IV. Do blog, da vida: à margem.


24 de junho de 2010

Afetações

I.

É pastoso. Escorre, mas com tamanha lentidão que me rasga em algum impossível. É grudento, dilatado, espraia-se por entre os mais ínfimos sussurros. Do grito à mudez, do murmurar ao silêncio.

(Andei todo o caminho com os olhos manchados de um negro-frustração).

O movimento é um sem mover-se. É amansamento da brisa, é apaziguamento do que pulsa, são lufadas de hábitos e velhosidades e ransos que recusam-se ao desassossego, que sonegam o descompasso, que atolam-se na inércia, que liquefazem o disruptivo, que achatam em uma melodia monocórdica os agudos, que não se privam de aplanar o desconcerto.

(Um como-foi).

E, em sua cegueira, estão a tatear-se na escuridão das lâmpadas fluorescentes. Afogamento da boca faminta e sedenta e ruidosa. Atiram-se pedras no moinho: e que cesse o giro, e que acomode-se enfim o cotidiano em seu mesmo, e que cada dia seja apenas um ontem a mais.


II.

Ali onde se toca o conto
e que de duas palavras, fez-se
canção.
Aspiro,
respiro,
inspiro.

Poemizo carregada de eu,
precisando diluir-me em alguma nota
dissonante,
algum noturno audaz
em sua brevidade,
quase
anestésico
do existir.

III.

E meu receio era do arrebatamento:
um corpo-ouvido
infinito.
Que de meus poros, a fugacidade
do sensível
perceba-se, em uma qualquer
manhã
desencontrada da afetação.

27 de abril de 2010

Notas porteñas (ou: a posteriori):

"Trato de existir: arte!
Penso resistir...

Às vezes desistir?
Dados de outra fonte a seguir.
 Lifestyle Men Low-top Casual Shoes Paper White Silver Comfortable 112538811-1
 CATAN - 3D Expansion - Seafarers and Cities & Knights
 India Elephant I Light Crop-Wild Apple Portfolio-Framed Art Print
Em parte.
E só assim insistir..."

Chica: gracias infinitas pelas palavras que só agora me chegam.

23 de abril de 2010



Solitárias, elas reverberam por toda a casa. Vão desta poltrona à parede. Esbarram no Van Gogh. As notas, sempre elas. A lembrar-me oportunamente do que pulsa.

Desde muito cedo, é certo. Tocavam-me, atavam-me. Um devaneio sem palavra. Era antes: de corpo e seus mais minúsculos poros de afetação. Era invasão, nem sequer escolha. Musicar me tinha, eu musicando.
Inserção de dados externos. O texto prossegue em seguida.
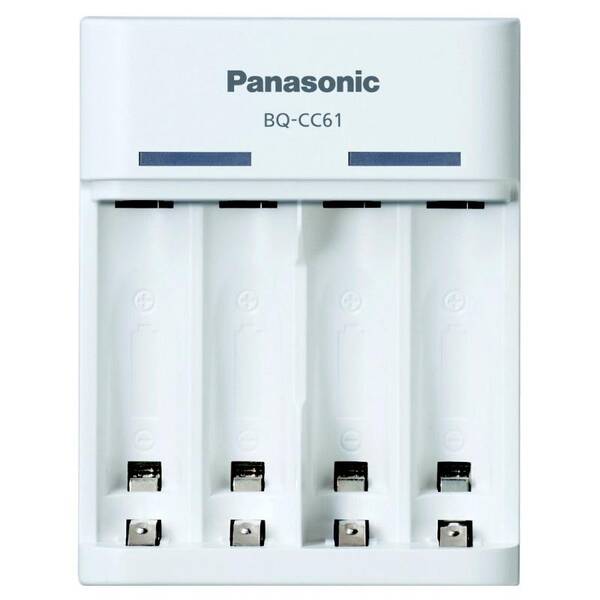 Nabíječka Panasonic BQ-CC61, USB nabíjení, pro AA/AAA baterie 

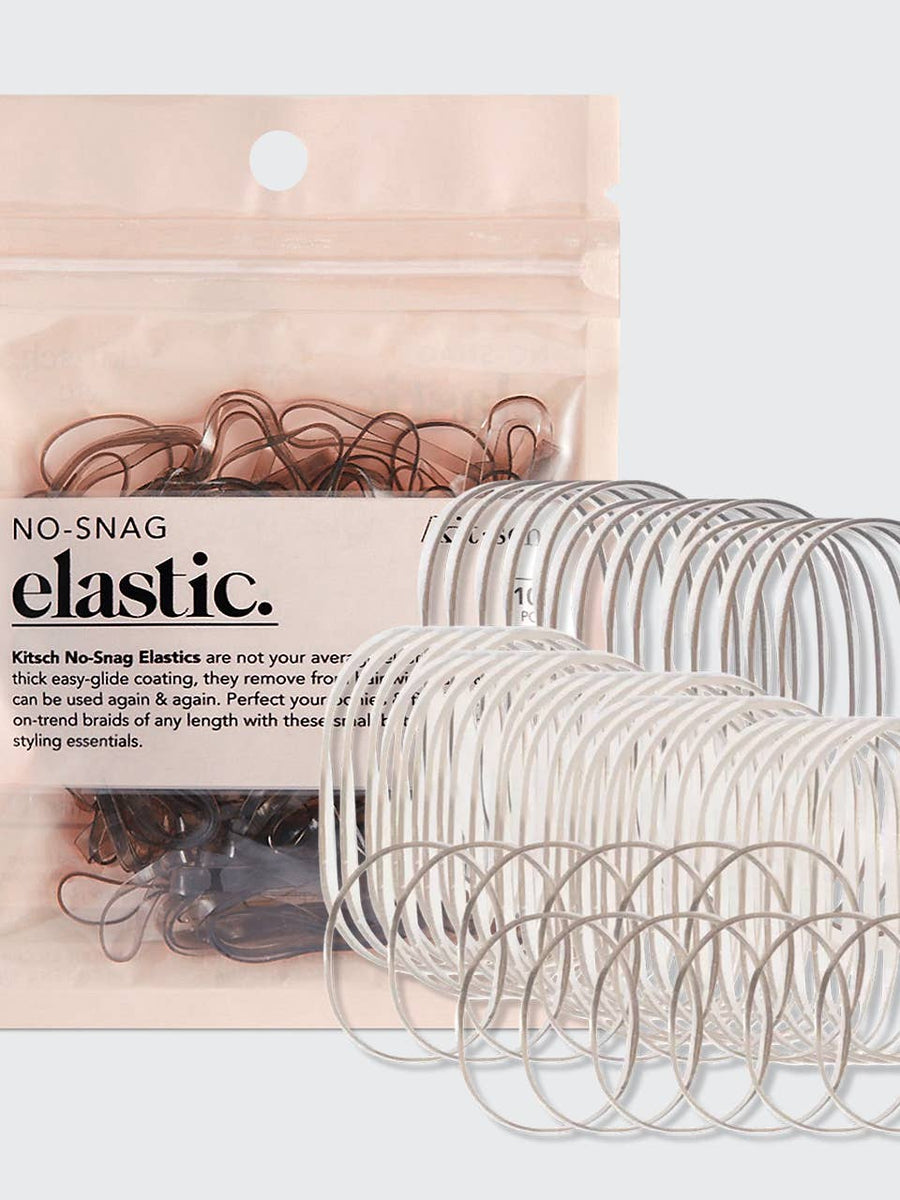 Kitsch No-Snag Elastic 100pc - Brown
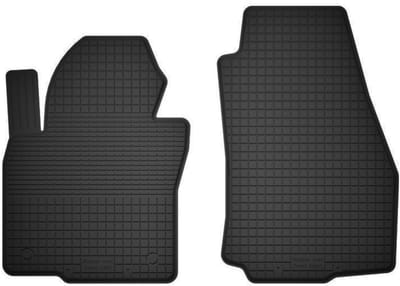 Wielganizator BasicProtect Serie - Voorste Rubber Automattenset - Mitsubishi Pajero Pinin SUV - Antislip - Gemakkelijk Schoon te Maken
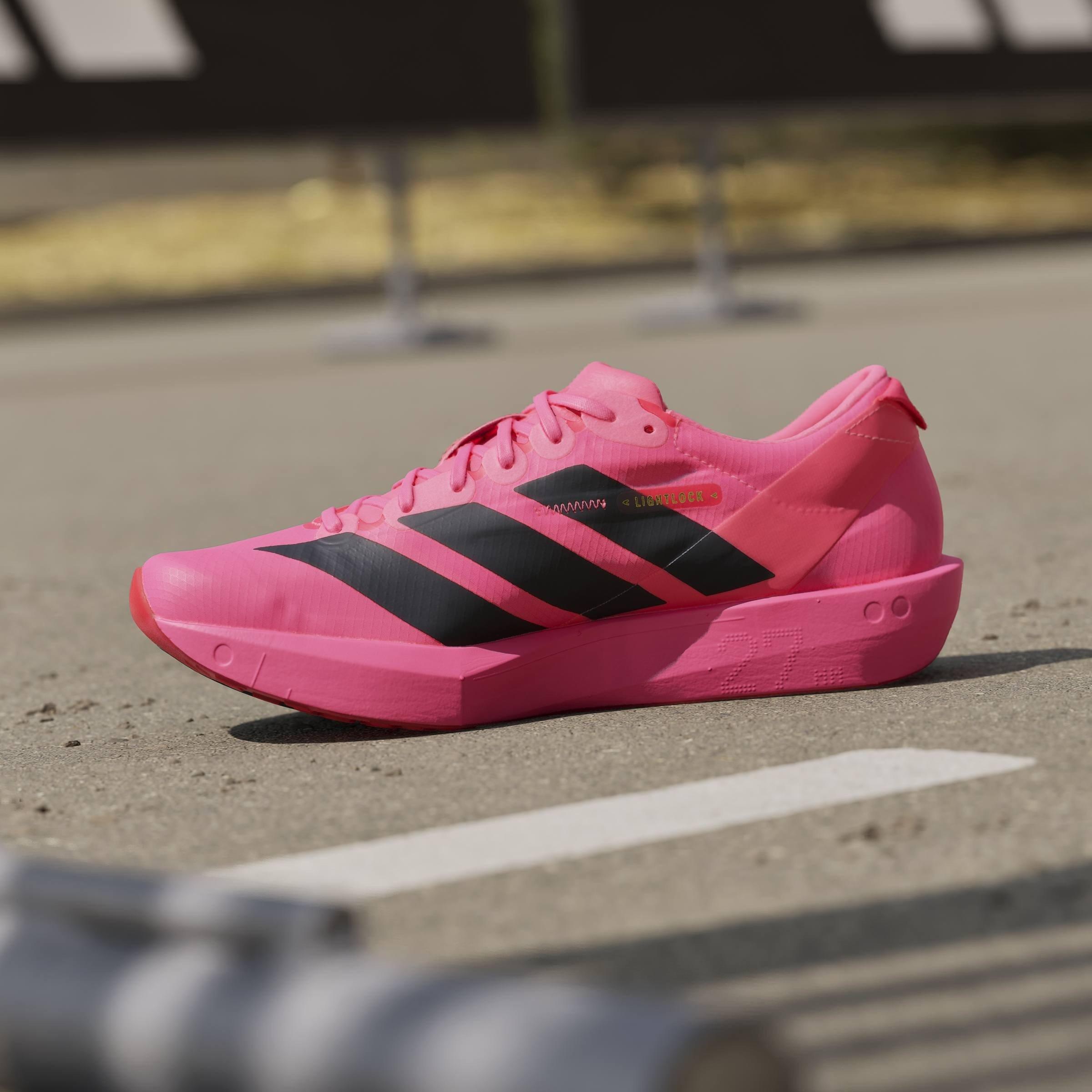 Solar/Black/Red - adidas - Adios 9 Womens Running Shoes - 14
Queria transpor do que faz pensar: impossível. Ao menos um pouco, tentamos. Afoito, o vinho quer fazer-se poema. Quer amainar as durezas do cotidiano. Quer deixar entrar o frio tímido que se ensaia ali fora, logo ao lado.
Que as folhas entrem em desordem, em seu canto dissonante.


(Com)posições

É um aparente paradoxo, este hiato. Uns pedem âncora, outros silêncio. Faz-se limbo.

É preciso encontrar um lugar-entre, que me permita a luta sem o embate. É preciso saber operar o silêncio sem esmorecer o desejo. É preciso aprender, de algum jeito, a (...).

E sabem quando algo volta a ti em caráter de tamanho estranhamento que, por instantes de absoluto desnorteio, tu te perguntas: onde estou, afinal? Evanescimento de sentidos. Do que se julgava ser, crer, ter, transmitir. Tem minhas pinceladas ali. Acolá também. Tão perto que invisíveis.

Não se pode aceitar o silenciamento dos afãs e das mobilizações e das vontades - disto que faz movimento, que faz aresta, que faz viver. Mas, tampouco se pode gritar tão alto que ensurdeça a palavra.

Micropolítica ali onde a trama se pensa alheia: eis o desafio.

1 de abril de 2010

TORPES DIVAGAÇÕES

É preciso fazer névoa disso cru. Falta-me o tempo, falta-me o silêncio, falta... Um cálice. Giros insistentes de ar morno, entremeios de distantes intimidades.
Do que insiste: o excesso.
Do que aconchega: tua errância.
Do que alenta: o amanhecer.
Carrego-me dia afora, no paradoxo de uma alegria estafante. Sossego - preciso - sossego

20 de março de 2010

Outra nota

Era preciso dizer-lhe, mas tão aquém, mas tão fugaz: que era de melodia que se tratava, que era de corpo e voz e riso e pele e seu breve instante de róseo embaraço. Que já pouco de dentro, mais e mais do contorno. Que a palavra quase como fulguração. Que era vida, tão vida. Os olhos se seguram como podem. Queria dizer-lhe, mas melhor o fazia em silêncio.